Nothing but the lines below from the one containing "Una cámara hace" through the one containing "Kaftan 52 Art 20323279" should appear in the answer, exact and without pictures.

Top of Working data

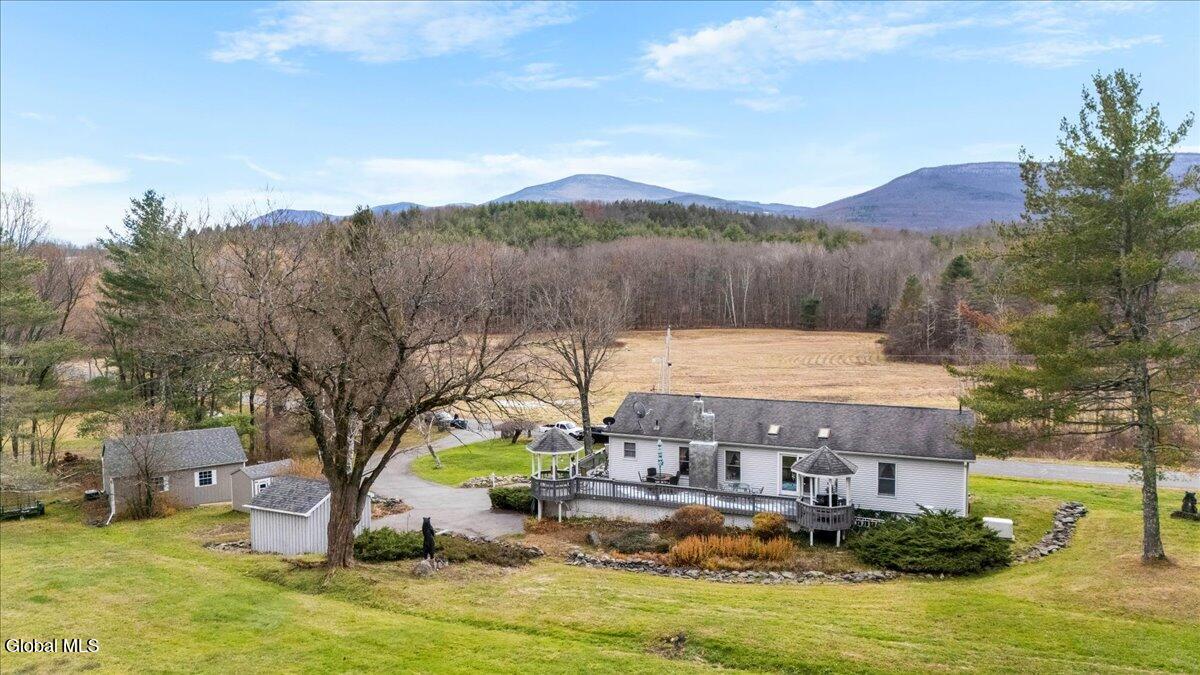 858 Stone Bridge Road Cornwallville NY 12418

Bottom of Working data
Top of Working data

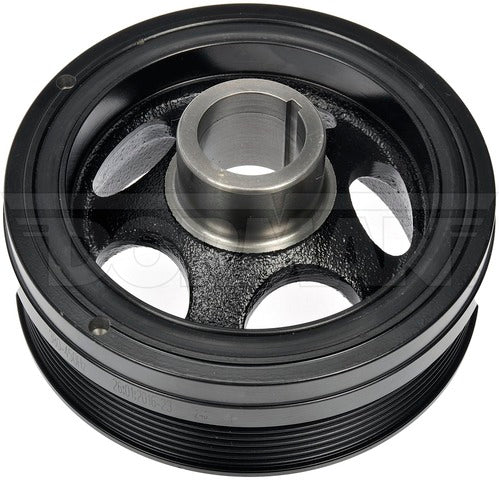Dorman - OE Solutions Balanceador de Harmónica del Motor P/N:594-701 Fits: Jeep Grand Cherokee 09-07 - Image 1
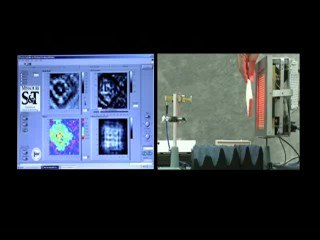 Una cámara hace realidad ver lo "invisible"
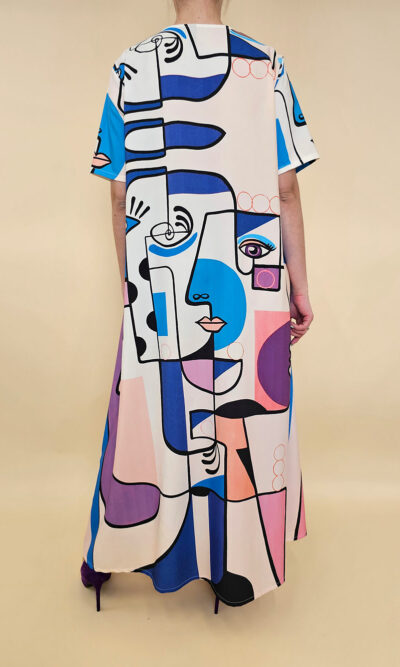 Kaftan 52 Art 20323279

Bottom of Working data

— Response —
 Una cámara hace realidad ver lo "invisible"
 Kaftan 52 Art 20323279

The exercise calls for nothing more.